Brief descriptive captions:
━━━━━━━━━━
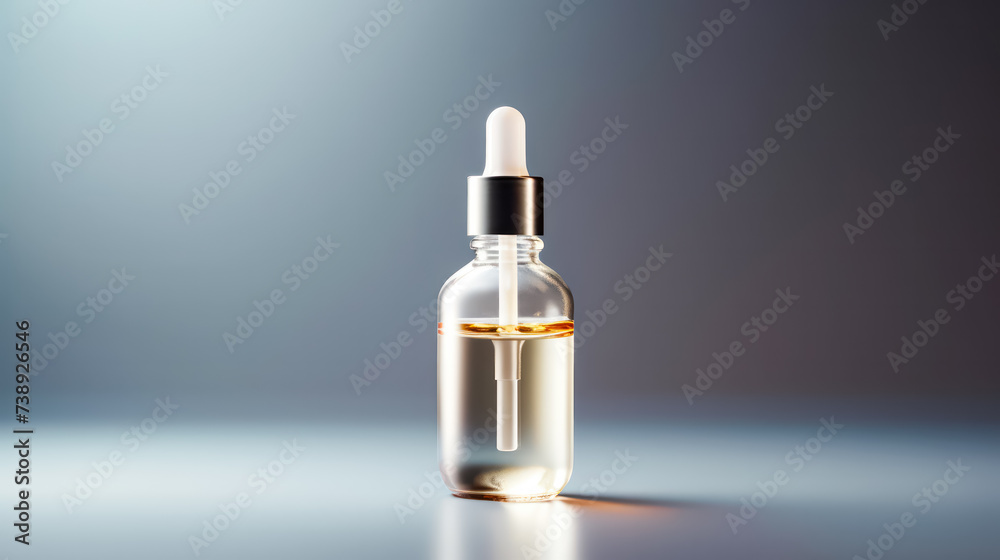 Transparent bottle filled with facial care liquid showcased on a light background, offering a clean and minimalist presentation for skincare products. Transparent bottle filled with facial care liquid showcased on a light background, offering a clean and minimalist presentation for skincare products.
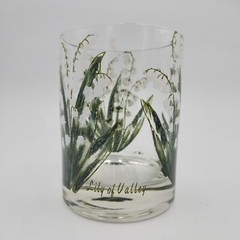 Vintage Cera Lily Of Valley Flowers Low Ball Rocks Glass 4 1/8 Inch Tall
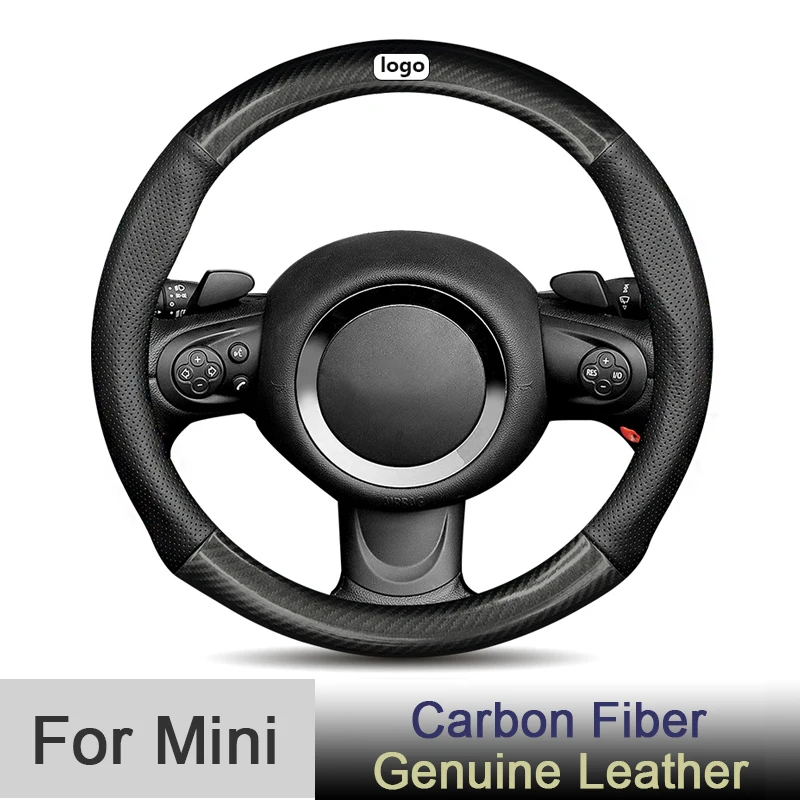 

Dedicated for BMW Mini Steering Wheel Cover Cooper RC R57 R52 F60 F56 F55 F54 Clubman Cabrio Countryman Carbon Fiber Auto Parts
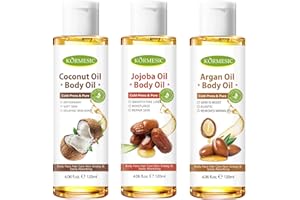 [Pack of 3] mercham Pure Natural Body Oil for Dry Skin, Super Moisturize and Anti-aging, Organic Body Oils for Face, Hair, Nails, Massage, Stretch Marks, Vegan Body Skin Care Oil for women -120ml*3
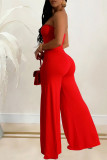 Orange Elegant Solid Hollowed Out Patchwork Strapless Regular Jumpsuits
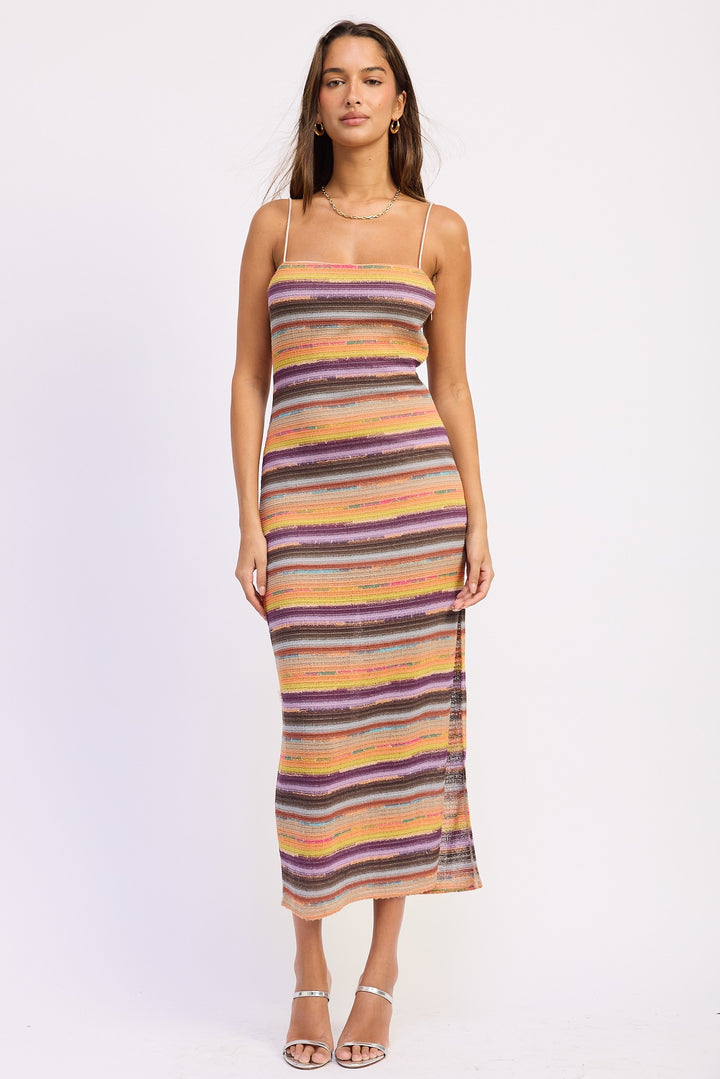 MULTI STRIPE MIDI DRESS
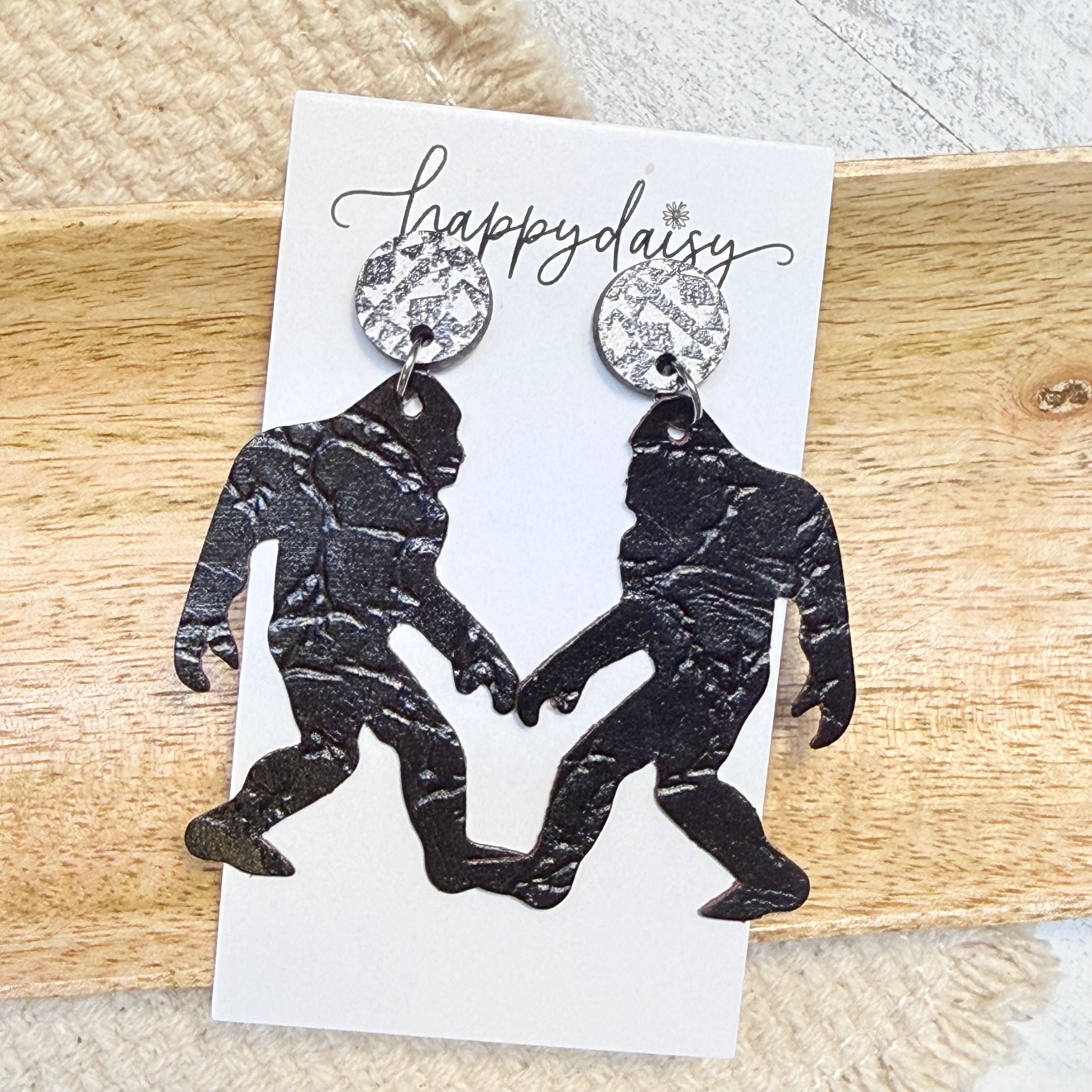 Smoky Mountain Big Foot Black Leather Earrings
━━━━━━━━━━
#### Assignment:
All of the data must be repeated exactly, except for the pictures.

#### Written answer:
 Transparent bottle filled with facial care liquid showcased on a light background, offering a clean and minimalist presentation for skincare products. Transparent bottle filled with facial care liquid showcased on a light background, offering a clean and minimalist presentation for skincare products.
 Vintage Cera Lily Of Valley Flowers Low Ball Rocks Glass 4 1/8 Inch Tall

Dedicated for BMW Mini Steering Wheel Cover Cooper RC R57 R52 F60 F56 F55 F54 Clubman Cabrio Countryman Carbon Fiber Auto Parts
 [Pack of 3] mercham Pure Natural Body Oil for Dry Skin, Super Moisturize and Anti-aging, Organic Body Oils for Face, Hair, Nails, Massage, Stretch Marks, Vegan Body Skin Care Oil for women -120ml*3
 Orange Elegant Solid Hollowed Out Patchwork Strapless Regular Jumpsuits
 MULTI STRIPE MIDI DRESS
 Smoky Mountain Big Foot Black Leather Earrings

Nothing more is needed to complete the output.